2022 Rugby Championship Round 3: New Zealand v Argentina

With the first match in Adelaide out of the way, eyes turned to Canterbury, where the All Blacks were hosting Argentina. New Zealand chose to stick with the same starting XV (and all-but one of the bench) as their last match for the first time in forever, but after an early missed penalty from Richie Mo’unga, Emiliano Boffelli had more success with his own first attempt. Despite good field position, Mo’unga kicked the next penalty to the corner, but it proved to be the right decision as the All Blacks maul ushered Samisoni Taukei’aho over for the opening try and a 5-3 lead. The Pumas struck back though with a series of phases of quick ball drawing the New Zealand defence offside, allowing Boffelli to kick them back into the lead. As the half hour mark approached, the Kiwis went through a series of phases to eventually win a penalty in the Argentina 22, which Mo’unga kicked, and when Julián Montoya overthrew a lineout on halfway, the All Blacks recovered the loose ball and spread it wide to send Caleb Clarke over in the corner, Mo’unga’s conversion stretching the lead to 9 points. Montoya was looking to make immediate amends with a jackal on Will Jordan, which allowed Boffelli to kick a penalty from the halfway line, while an early tackle from Tyrel Lomax allowed Boffelli to land a 4ᵗʰ penalty with the final kick of the half, bringing the score to 15-12.

The All Blacks had the first chance of points after the break as Jordie Barrett’s penalty attempts from inside his own half drifted wide, but the hosts attacked well off the resulting 22 drop-out and eventually earned a much more kickable penalty, which Mo’unga duly slotted. But the Pumas hit back immediately, with Boffelli pressuring Scott Barrett at the restart and forcing a fumble straight into the hands of Juan Martín González, who reacted quicker than everyone to go over in the corner, with Boffelli’s conversion from the touchline putting the Pumas ahead. A huge scrum from the All Blacks allowed them to kick a penalty to the corner, but the chance was wasted as they were pinged for obstruction as they tried to set the maul. Another breakdown penalty from Montoya allowed Boffelli to extend the lead, while another penalty to touch for New Zealand came to nothing on the hour mark as Codie Taylor overthrew everyone and allowed the Pumas to recover and clear their lines. Sam Cane was probably lucky to just concede a penalty a few minutes later for a tackle off the ball on Pablo Matera, but Boffelli’s kick stretched the lead to 7 points. The All Blacks started looking dangerous as they made ground through a series of phases, but Matías Orlando brought that to an end with a critical turnover with just 11 minutes remaining. As the game entered the final 10 minutes, a dominant maul from Argentina was collapsed on halfway to earn Shannon Frizell a yellow card, but their decision to kick for territory rather than give Boffelli the shot at goal backfired as the support men failed to keep their feet at the breakdown when the ball went to the backs. With just a minute remaining, The All Blacks had one final chance with a penalty in the Pumas 22 and ent to the corner, but Codie Taylor’s throw to Sam Whitelock was angled too far towards his own team, and the Pumas secured the ball at their scrum and kicked the ball out for a deserved 18-25 victory, their first win over the All Blacks in New Zealand.

The end?

“Did I ever tell you what the definition of insanity is? Insanity is doing the exact… same f*cking thing… over and over again expecting… shit to change… That. Is. Crazy.”

—Vaas, Far Cry 3

Ian Foster was given the backing of New Zealand Rugby following the win over South Africa, which always felt premature to me giving his recent record. Do you think they are regretting it now as Foster has led them to another unwanted first?

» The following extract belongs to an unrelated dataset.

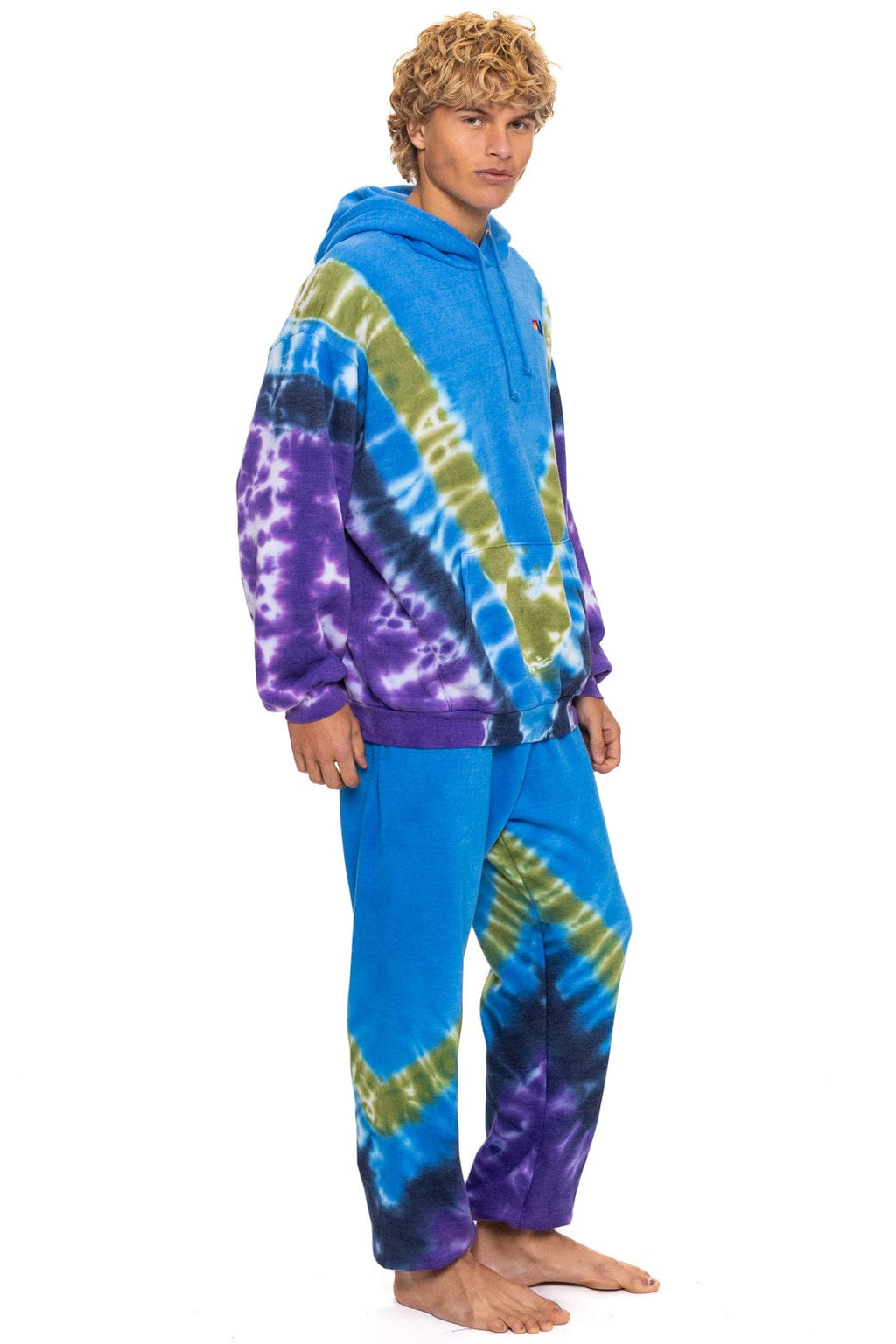 Retro HAND DYED V SWEATPANTS - TIE DYE OCEAN PURPLE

The cliché is that you have to earn the right to go wide, and while that is somewhat true, it doesn’t mean that you have to do so by sending everyone through the tight channels for phase after phase, you can also do so by clever running lines committing defenders and holding them so that they can’t drift, creating the natural space out wide. The All Blacks used to be the best at this.

Today? There were maybe a couple of times they did this, most notably Clarke’s try when they countered the overthrown lineout and used Rieko Ioane’s arcing run to create the space to put Jordie Barrett through the line. The rest of the time, they just pounded the Argentine defence in the narrow positions. And the Pumas welcomed it, completing all but a handful of their tackles (96% tackle completion from 205 tackles). That Pumas pack will happily tackle you all day long, and they have such incredible player in there like Kremer, Montoya and Matera who just need the smallest fraction of a second to get over the ball and win the turnover. So by continually going down these channels without any real manipulation of the defensive line’s shape and expecting a different result, you are just playing into their hands.

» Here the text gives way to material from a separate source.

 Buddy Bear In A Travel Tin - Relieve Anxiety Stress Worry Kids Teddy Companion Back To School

Ian Foster and company may develop a plan to win next week, but where was that planning inthe 2 weeks that they just had to prepare for this match? And as the World Cup looms closer, new assistant Joe Schmidt must start looking like a much more attractive option than the man currently running the All Blacks legacy into the ground.

Kick-off kings

It’s a hallmark of Michael Cheika sides: the whole team starting 10m back at kickoffs and beginning their run-up during the kicking motion. It’s an incredibly smart tactic that I’ve always wondered why more teams don’t adapt, but with the Pumas, it now makes the restart a weapon.

So what makes this such a good tactic? Well for starters, it reduces the chances of players being in front of the kicker at the restart as they are coming from deeper, but at the same time it also allows the kicking team to arrive with more momentum, which makes it harder for the receiving team to create a dominant first contact.

But with this Pumas team, it is taken to another level. Santiago Carreras can get so much hang on his kicks that it allows the chasers to actually reach the catchers at the same time as the ball even on deeper kicks, while they then have Boffelli—one of the best in the world at getting in the air for the high ball—chasing the kick, not with the intention of making the first tackle, but instead looking to challenge for the ball. And that extra few metres of a run-up gives him the momentum to get up high enough to challenge against a player who is being lifted. If he can get up and swat the ball back, then the Pumas win possession well inside the opposition half, and if he can only put some pressure on, that may be enough to force a fumble, and then the loose ball is anyone’s game, leading to the possibility of the Pumas still winning the ball back (as happened for Juan Martín González’s try), the receiving team winning the ball but being under heavy pressure and potentially being able to be turned over if players don’t react fast enough, or the ball being knocked on by the catcher as they fumble, giving the Pumas a scrum in a dangerous area.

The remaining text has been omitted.